Ph₂PyIDBTM: MALDI-TOF (m/z): [M]⁺ calcd. for C₃₆H₂₁Cl₄N₂˙, 623.04; found, 623.05. Elem. Anal. calcd. for C₃₆H₂₁Cl₄N₂˙ (%): C, 69.36; H, 3.40; N, 4.49. Found (%): C, 69.55; H, 3.43; N, 4.21. IR (KBr) 3053 (w), 2925 (s), 2854 (m), 2360 (w), 1618 (w), 1573 (w), 1515 (m), 1458(s), 1431 (s), 1388 (m), 1326 (w), 1274 (w), 1195 (w), 1080 (w), 968 (w), 869(w), 800(m), 757(m), 694(m), 601(w).

Mes₂PyIDBTM: MALDI-TOF (m/z): [M]⁺ calcd. for C₄₂H₃₃Cl₄N₂˙, 707.14; found, 707.14. Elem. Anal. calcd. for C₄₂H₃₃Cl₄N₂˙ (%): C, 71.30; H, 4.70; N, 3.96. Found (%): C, 71.05; H, 4.94; N, 3.87. IR (KBr) 2921 (m), 2854 (w), 2362 (w), 1618 (m), 1571 (w), 1506 (m), 1458(s), 1429 (s), 1384 (m), 1326 (w), 1269 (w), 1216 (w), 1189 (w), 1033 (w), 852(w), 800(m), 742(m), 609(w).

4. Conclusions

By introducing phenyl and 2,4,6-trimethylphenyl groups into the structures of CzBTM and PyIDBTM, we successfully synthesized four new CzBTM-type radicals. The PL spectra of the four derivatives exhibited rare blueshifts in luminescent radicals, especially with the introduction of the 2,4,6-trimethylphenyl group.
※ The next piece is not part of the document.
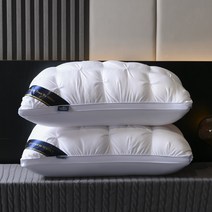 고급 5성급 호텔 베개 1+1, 옵션3 (1+1)1400g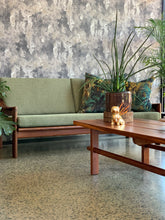 Load image into Gallery viewer, Mid-Century Imbuia Couch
An analysis of the energy levels of the frontier molecular orbitals from theoretical calculations and CV measurements demonstrated the reason for blueshifts. The introduction of phenyl derivatives mainly caused the increase in the MO energy levels of the radical side, equivalent to the weakening of the electron-donating ability from the carbazole or β-carboline. Additionally, the PLQYs and thermostability were also improved, particularly for Mes₂CzBTM with a highest PLQY of 21% and a highest Td of 311 °C under nitrogen. The introduction of phenyl and 2,4,6-trimethylphenyl groups provides a new strategy for adjusting the luminescent color of CzBTM-type radicals to shorter wavelengths and improving the thermostability.